Arya Stark: The Person With Scary Anger Issues
People go to the gym for a variety of reasons: to get the biggest muscles; to keep their heart healthy; to be able to walk up the stairs without panting. Arya’s the person who’s there to deal with their anger issues. She freaks everyone out in kickboxing class by jabbing just a little too ferociously. You just know she’s imagining knocking out some very specific people…and you pray to the gods (old and new) that you’re not one of them.
Bran Stark: That Guy in Yoga Who’s Always Going on About His ‘Inner Eye’
The Three Eyed Raven loves a good restorative yoga class, and always speaks in the third person as he talks about being connected to the universe. He just went vegan, wears meditation beads around his neck, and says he can see all that is happening in the world. You want to spend a very limited amount of time with this person.
Gendry: The Only Guy Who Uses That Janky Old Rowing Machine
No matter how nice its equipment is, every gym has that one janky rowing machine in the corner. Who would use that? Gendry. That’s who would use that.
Gendry is the guy who never does classes, never mixes it up, never takes advantage of any of the amenities. Instead, he is always stashed away in the corner, endlessly doing sets on the erg.
Jaime Lannister: The Guy Who Gets Injured Immediately
Jaime’s the guy who walked into the gym thinking he was the big man on campus—arrogantly pushing people out of his way to get to the machines first—only to get injured on day 3 of working out. He spends the rest of the year having to ask other people for help, which takes him down quite a few pegs. Now he’s the kindest fellow at the gym, wiping down machines for other people and helping young gym goers get acquainted with the equipment.
Brienne of Tarth: The Woman With No Time for Mansplainers
Brienne’s the lady who instantly intimidates everyone with her muscles the minute she steps onto the floor. There is nothing she can’t do; she can crank out burpees and squats for hours, and legend has it she can bench press more than triple her weight. If you decide to give her unsolicited or incorrect lifting advice, prepare—rightfully so—to get thrown into one of the gym mirrors.
Samwell Tarly: The Guy Who’s Read Up on Every Type of Workout
There’s always an expert on the newest fitness trends, and this is Sam. He’s the walking encyclopedia on every way possible to get fit.
He’s always carrying around a stack of fitness magazines, diagrams, and guides to healthy eating. You’ve never actually seem him put any of it into practice for himself, but hey, it’s nice to learn from his tips!

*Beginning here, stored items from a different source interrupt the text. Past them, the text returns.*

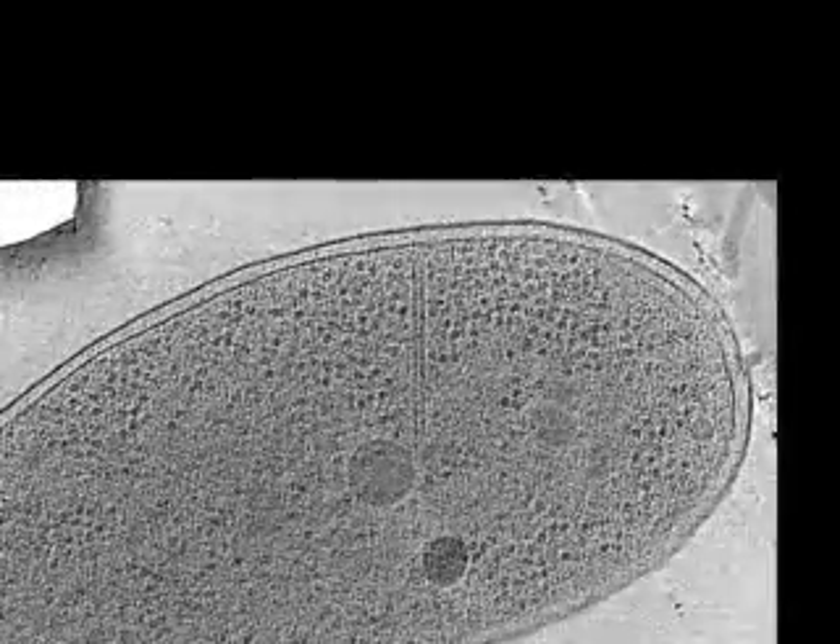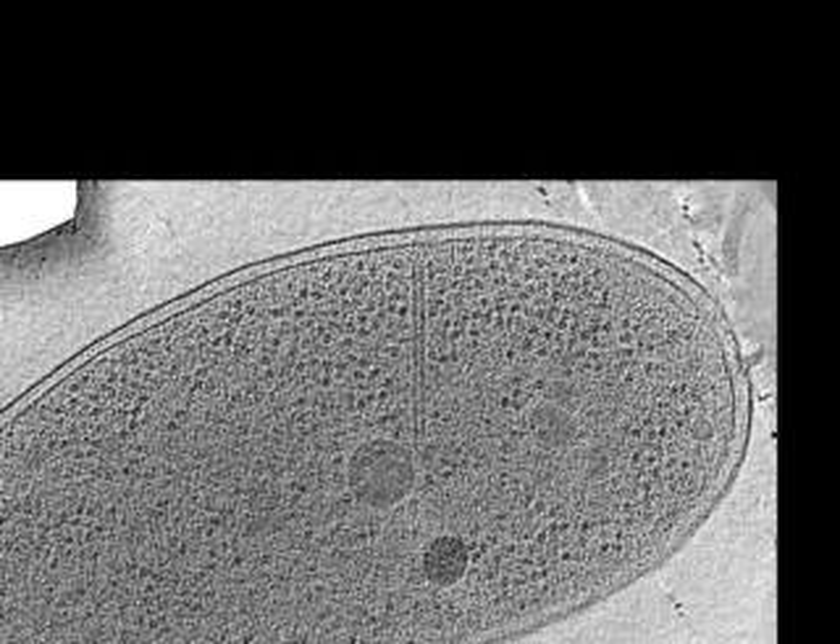Here is a 3D reconstruction of another Vibrio cell exhibiting an empty sheath in its contracted conformation. Compared to the extended conformation, contracted sheaths were shorter, had a larger diameter, and had a helical surface pattern. Here you can see a central slice through a contracted sheath.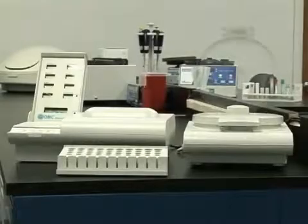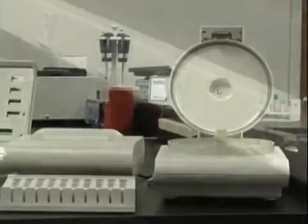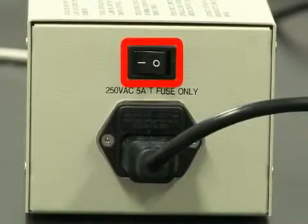Centrifuge operation. In this section, we will examine centrifuge operations. A safety note: make sure to plug in the centrifuge before turning on the power pack.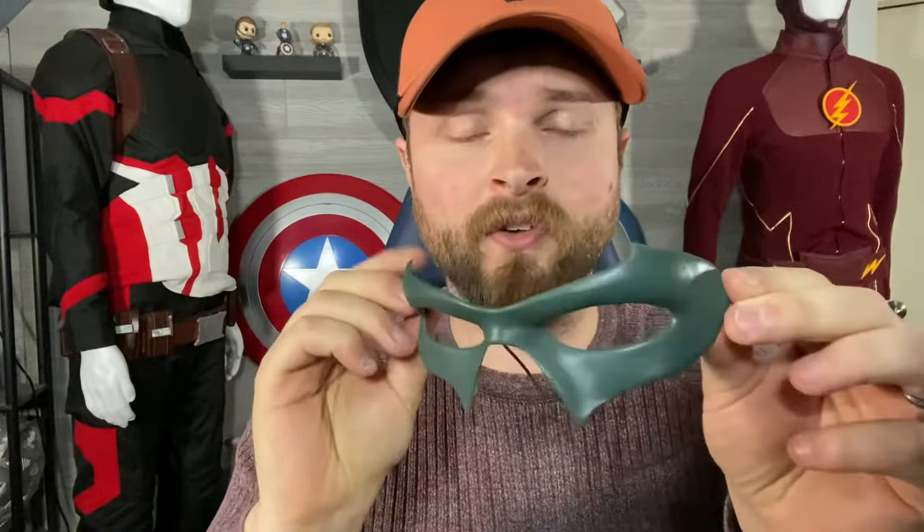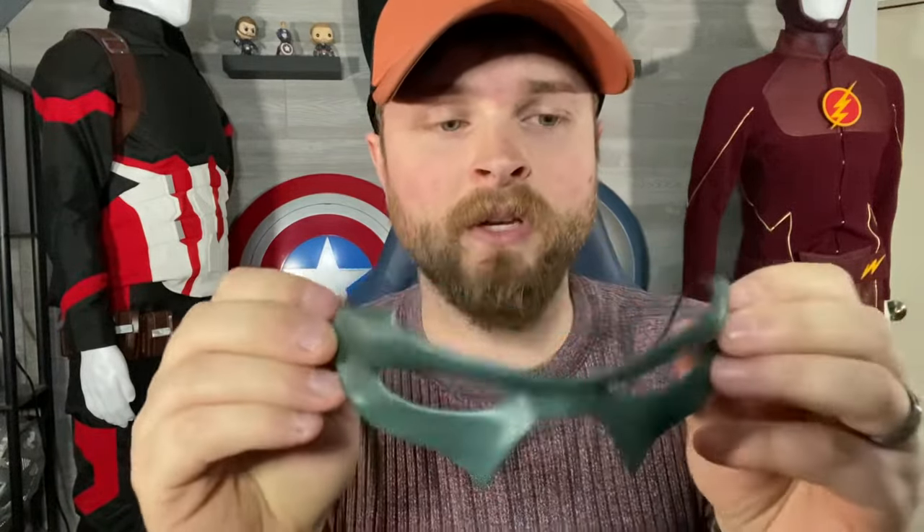Hello everyone, welcome to the Rustic Nerd Dad. Today I'm going to be talking about a couple of new resin prints I've done for my Green Arrow collection, starting off with this Injustice-style mask.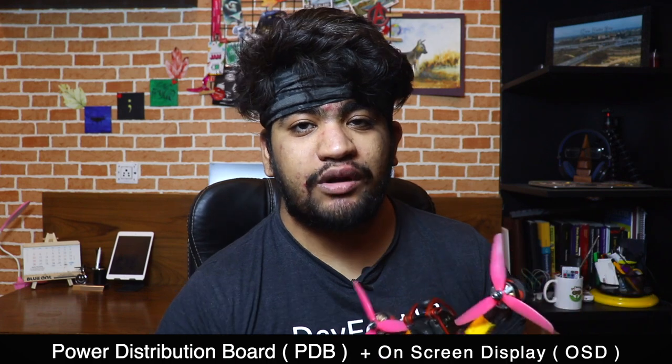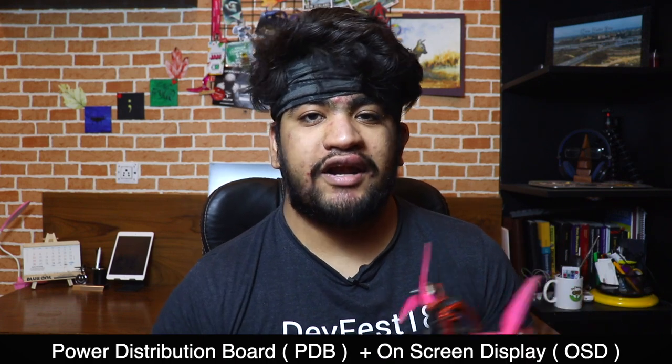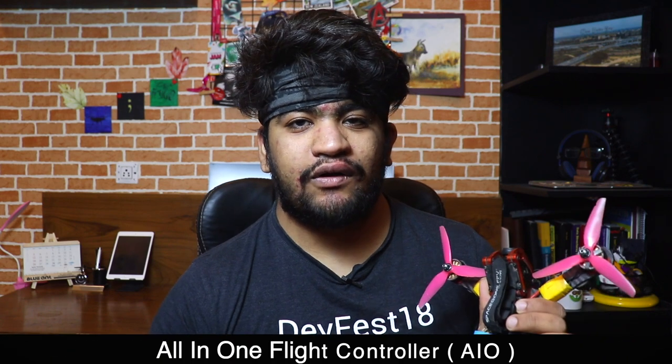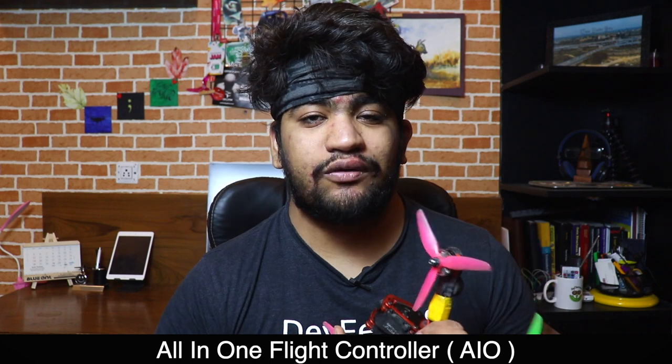One last thing about the flight controller: there are inbuilt power distribution board and on-screen display features. That's why I'm using what we call an all-in-one flight controller. The flight controller I recommend is the DAL RC-F405, which you can download links for below. Now let's move to the table and solder the drone.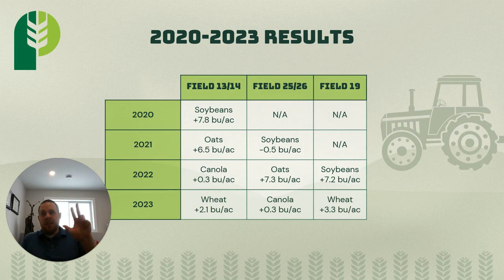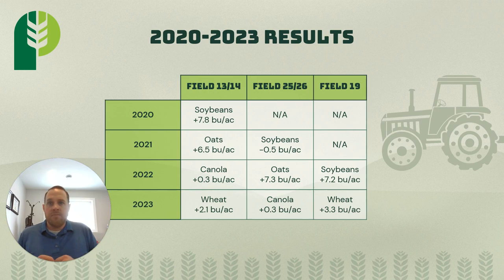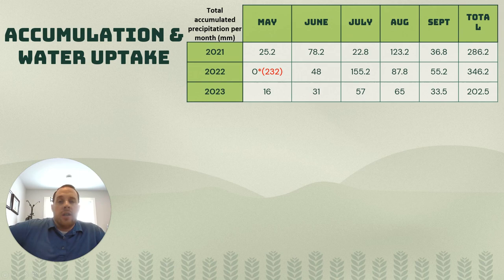It didn't happen every time, every year. Three things I believe really affected the outcome: which crop you're growing, the conditions when we subsoiled, and the weather conditions following subsoiling. We also used weather stations and soil moisture probes to understand what's happening below ground. Are we increasing rooting depth? Are we increasing water efficiency? Are we capturing more water during rainfall events? We have to measure all of those things, and over years we hope to get a better understanding of whether we increased water efficiency in those fields.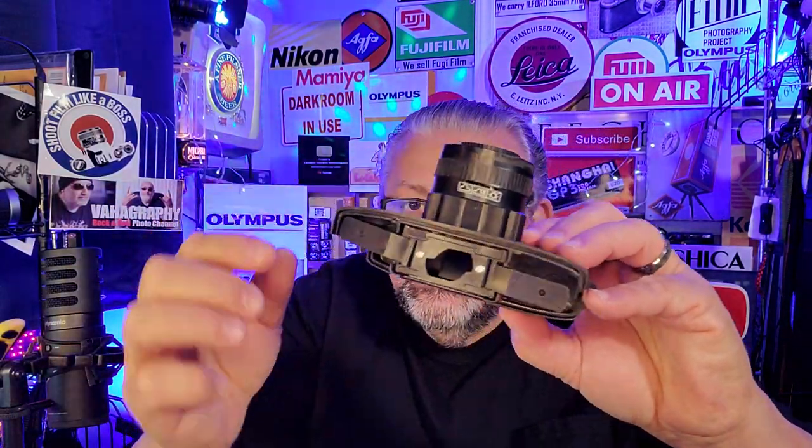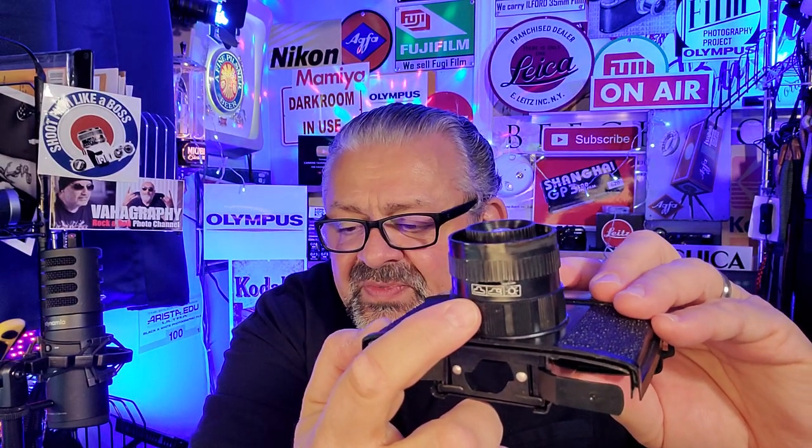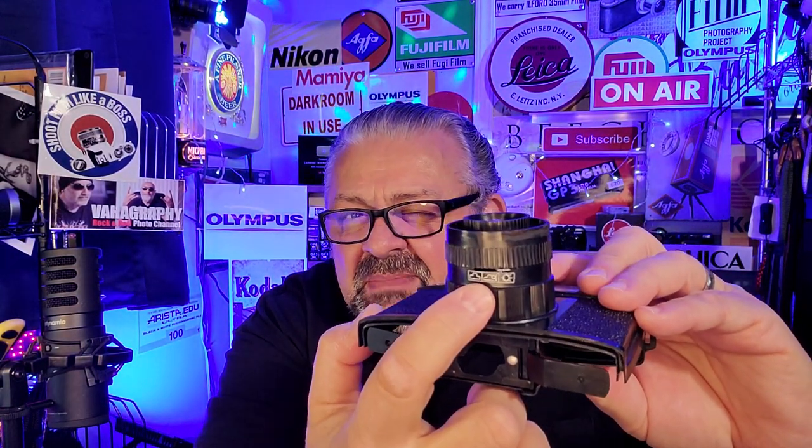Each shutter click is probably a different speed because it's just a spring. For f-stops, the settings are symbols: the cloudy symbol is approximately f11 — wide open; partial sun is about f13; and full sun is about f19. You'll have to judge for yourself — it's all guessing. On top, you get instant at about 1/60th of a second or a bulb mode.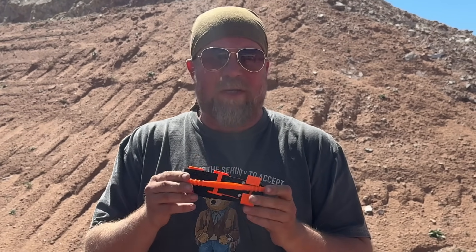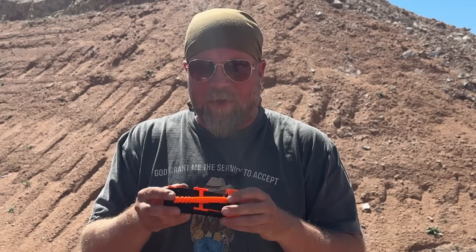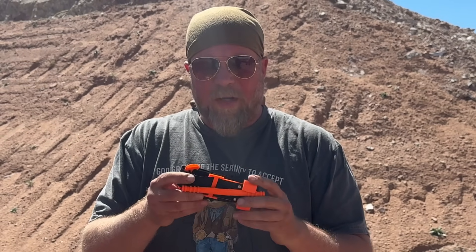Hey guys, welcome to an episode of InRange. We're here at CQB Brutality 2024, and on the stage we actually have a tourniquet application. These tourniquets are particularly interesting — this is referred to as the Gaza tourniquet, and it is 3D printed, stitchable, and able to be made in areas where you normally couldn't manufacture what you would think of as a professional-grade tourniquet.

Jorah Mormont: The Jilted Ex
Jorah’s the guy who joined the gym to get fit after a breakup. He believes that if he can just get buff enough, she’ll finally want him back. Not that he wants her!! No! He’s totally over the whole relationship. Even though his goal is fitness, he spends most of his time talking about his ex to anyone who will listen: she’s perfect, she’s regal, she’s his queen, blah, blah, blah.
Missandei and Grey Worm: The Adorable Fitness Couple
Missandei and Grey Worm are the adorable married couple who always works out together. They have an Instagram filled with cute photos of them hiking and going on yoga retreats. Their happiness brings you happiness. Their love warms your cold, cold heart.
Melisandre: The Woman Who Won’t Take No for an Answer
Melisandre is the lady who is always trying to get her gym contract negotiated lower. She tries a wide range of methods: from poisoning the gym manager’s protein shake to threatening to burn everyone alive if she doesn’t get a discounted rate.
The Night King: The Biggest Bro There Is
The Night King is the biggest gym bro around, the brochacho who spends night and day working out. Does he have a job? A spouse? Some kids? Probably not, ’cause he never leaves! He spends all his time wandering around the facility, staring icily at anyone who looks at him funny. You tried talking to him once—kept it casual and about the weather—and all he could say was…”winter is coming.”